The reason I'm asking is I have a bunch of hardware to go through and having this drive bootable would simplify things a bit. Thanks for any help.
 
The orginal IBM floppy controller for the 5150 had a 37 pin connector on it. I *think* it will boot IF there are no other drives connected. HAve you tried it as the only drive?
 
The orginal IBM floppy controller for the 5150 had a 37 pin connector on it. I *think* it will boot IF there are no other drives connected. HAve you tried it as the only drive?

Thanks for the reply.
Yes, tried it by itself with three different brands of cards. It always comes up as c: or d: (and e: with a HDD)depending on how the switch is set on the back of the floppy drive in the 4869.

The 4869 will only show up if the motherboard switch settings are set to either 3 or 4 floppy drives, it doesn't show when the motherboard switch settings are set to either 1 or 2 floppy drives.

With a HDD the 4869 gets assigned as d: or e:. This 4869 has yet to be assigned as b: or a: from the 37-pin external port.

I can plug a regular 5.25 DSDD drive into the internal floppy connector and it boots while the 4869 remains assigned to what it was. Tried the 4869 by itself, with an HDD, and with the second floppy installed to the internal floppy connector. The only thing that will make the drive change drive letter is when the HDD is installed, then the floppy changed downstream to the next available letter.
 
If you're up for a little tinkering, as far as I can see all you would have to do is invert the signal at U17 pin 5; looks like there's a spare section in U29 that you could use. It would involve cutting the trace from U17-5 to the via going to the rest of the circuit and running jumpers from U17-5 to U29-11&12, and from U29-13 back to the via.

You could even add a switch to select between normal (1 & 2 internal, 3 & 4 external) and flipped (1 & 2 external, 3 & 4 internal).

Of course I'm just looking at the schematic and the adapter and assume no responsibility whatsoever!
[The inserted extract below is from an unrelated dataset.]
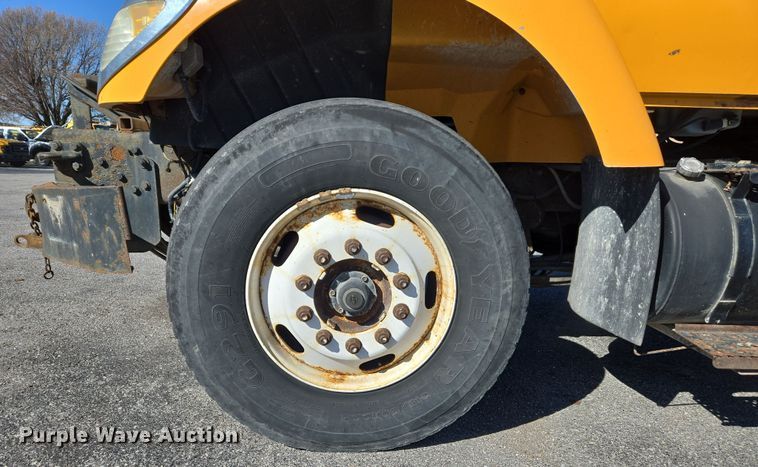 image for item EJ7343 2003 International 7400 dump truck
I await Chuck (G)'s comments ;-) Maybe there's even a way to do it without hardware mods.
 
It might be simpler to introduce a 37-way plug and socket into the internal floppy ribbon cable:

Controller----------------< <------------------Internal drive

and bring the plug and socket out of the case (probably through one of the ISA slots). Then you can swap the internal and external drives over just by swapping the plugs.
 
It might be simpler to introduce a 37-way plug and socket into the internal floppy ribbon cable:

Controller----------------< <------------------Internal drive

and bring the plug and socket out of the case (probably through one of the ISA slots). Then you can swap the internal and external drives over just by swapping the plugs.
Well, I'm not sure it's easier to find and buy the connectors and make the cable, and a switch would be more convenient than opening the case to swap cables, but it's certainly an option, especially if the idea of cutting a trace on the FDC bothers you.
 
Last edited:
It might be simpler to introduce a 37-way plug and socket into the internal floppy ribbon cable:

Controller----------------< <------------------Internal drive

and bring the plug and socket out of the case (probably through one of the ISA slots). Then you can swap the internal and external drives over just by swapping the plugs.
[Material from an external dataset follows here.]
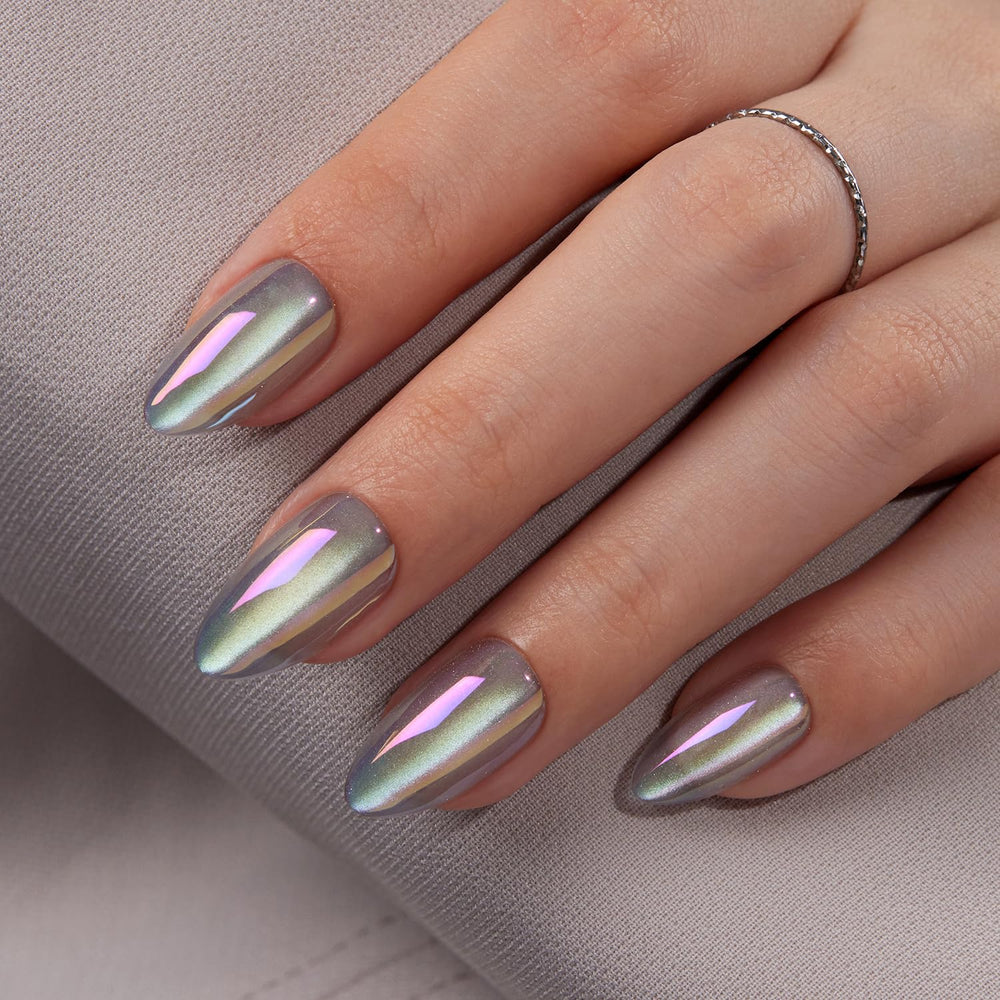 VSALON bubble-free fit on natural nails during daily activities like typing.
Well, I'm not sure it's easier to find and buy the connectors and make the cable, and a switch would be more convenient than opening the case to swap cables, but it's certainly an option, especially if the idea of cutting a trace on the FDC bothers you.

FWIW, I was just considering a way to use the drive in the 4869 enclosure as the boot drive because it's protected and I could spill my coffee on it and use it as a table <g> but it's ~almost just as convenient to just string a long cable from the internal connector to a free standing drive, I guess that is what I'll do. Going to just use it for running through floppy drives and motherboards to see if they still work.